** Opening Supplied records block **

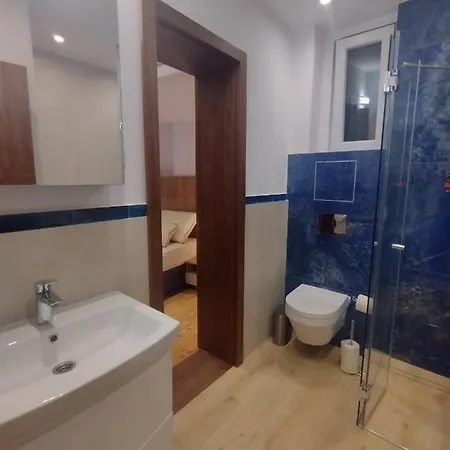 Balkanska Four Seasons Vendégház *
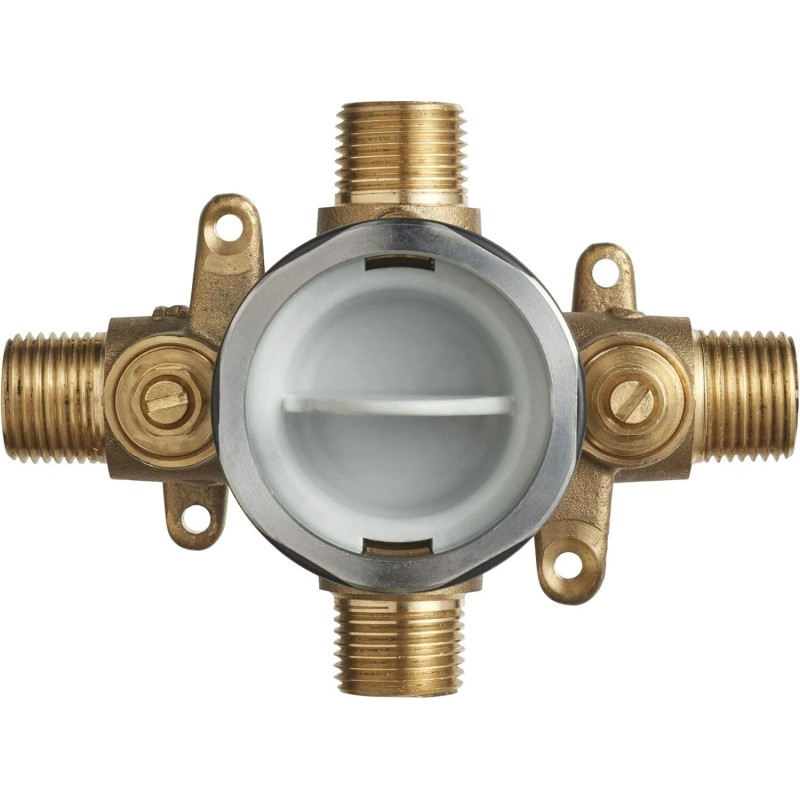American Standard RU101SS Flash Shower Rough-in Valve with Universal Inlets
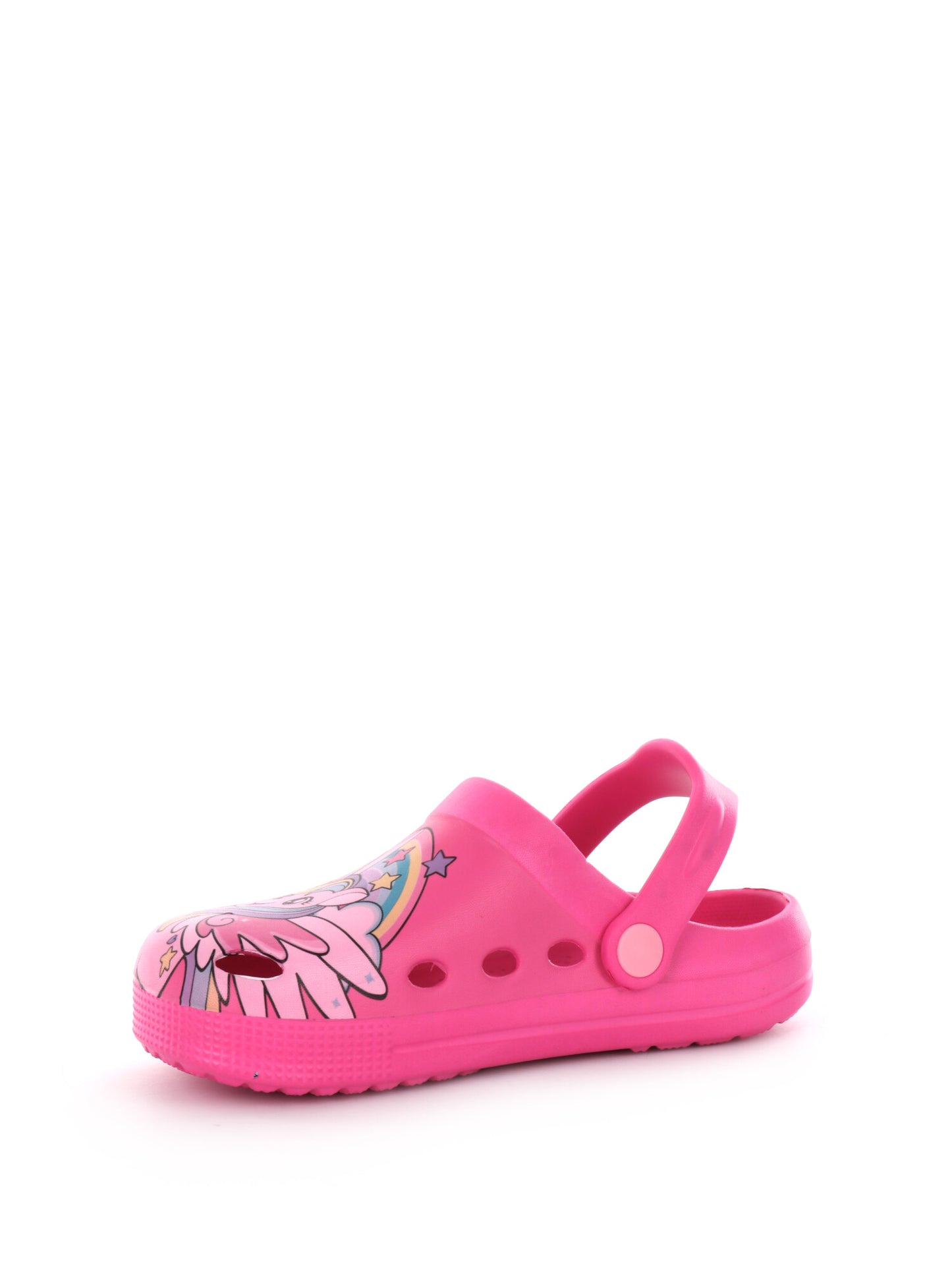 UNICORNO CROC'S - FUXIA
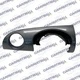 02 03 04 05 06 Mini Cooper Left Driver Side Dash Panel Trim Bezel 7124235 OEM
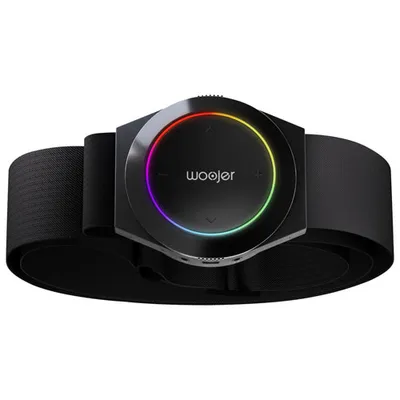 Woojer Haptic Strap 3 Black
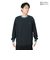 ボーダー長袖Tシャツ BU2345804 19 BLACK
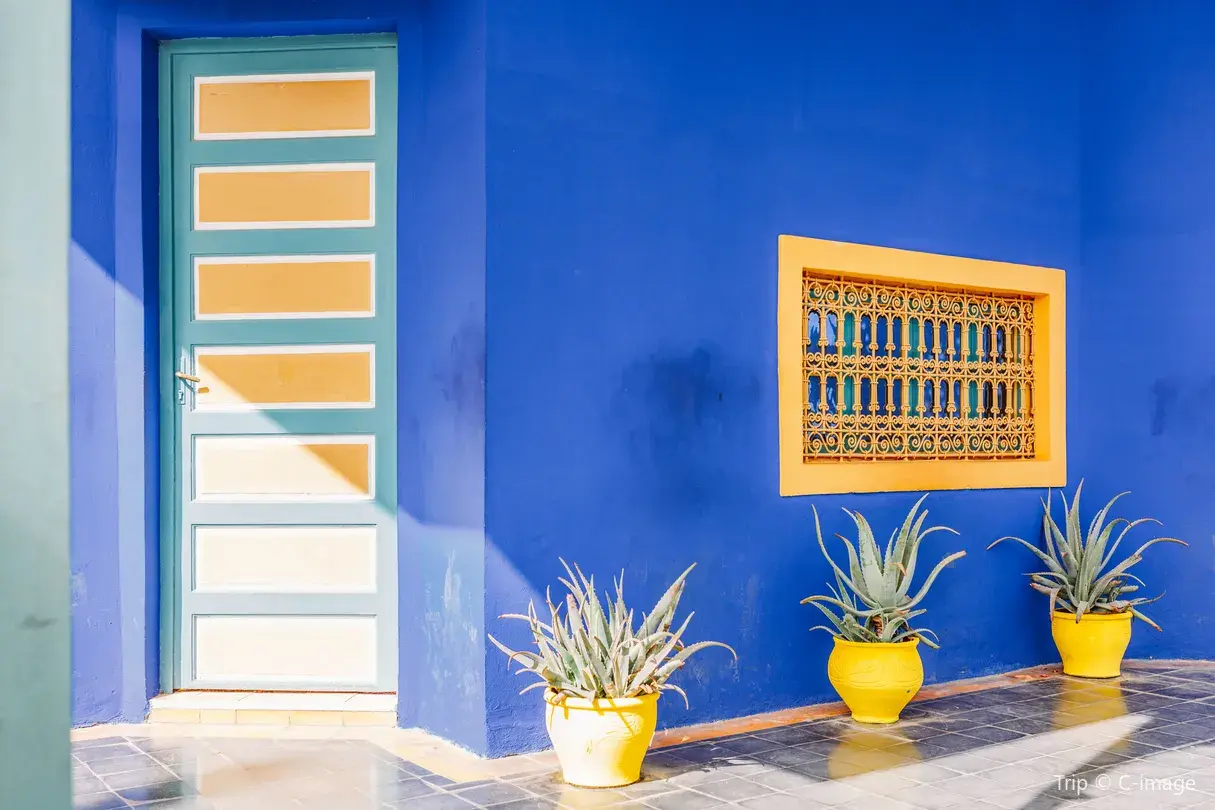 3_Jardin Majorelle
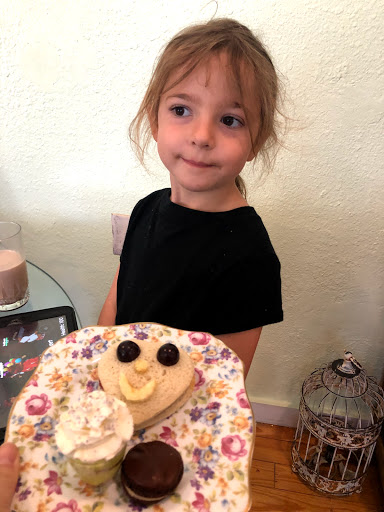 Tea House «The Tilted Teacup Tea Room and Boutique», reviews and photos, 103 S Saxon Ave, Brooksville, FL 34601, USA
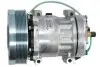 Компресор кондиціонера 24В (R134a) CATERPILLAR 930H, 938H, 955C, 963C, 38H Thermotec (KTT090325) зображення 1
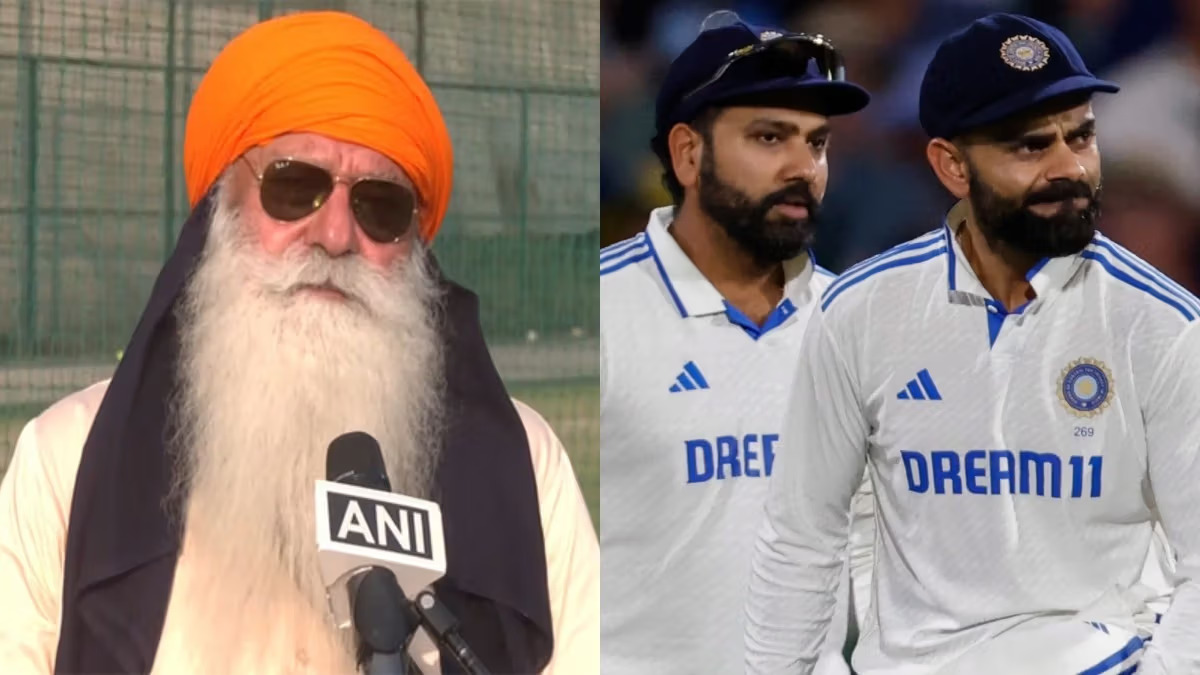 I told Rohit Sharma to get up at 5 AM and run 20 km to keep fit: Yograj Singh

** Closing Supplied records block **

What you have to do: In the records above, find the line with "UNICORNO CROC'S - FUXIA" and the line with "Компресор кондиціонера 24В"; please transcribe exactly those two lines and all lines between them, omitting any picture.

Response for this exercise:
 UNICORNO CROC'S - FUXIA
 02 03 04 05 06 Mini Cooper Left Driver Side Dash Panel Trim Bezel 7124235 OEM
 Woojer Haptic Strap 3 Black
 ボーダー長袖Tシャツ BU2345804 19 BLACK
 3_Jardin Majorelle
 Tea House «The Tilted Teacup Tea Room and Boutique», reviews and photos, 103 S Saxon Ave, Brooksville, FL 34601, USA
 Компресор кондиціонера 24В (R134a) CATERPILLAR 930H, 938H, 955C, 963C, 38H Thermotec (KTT090325) зображення 1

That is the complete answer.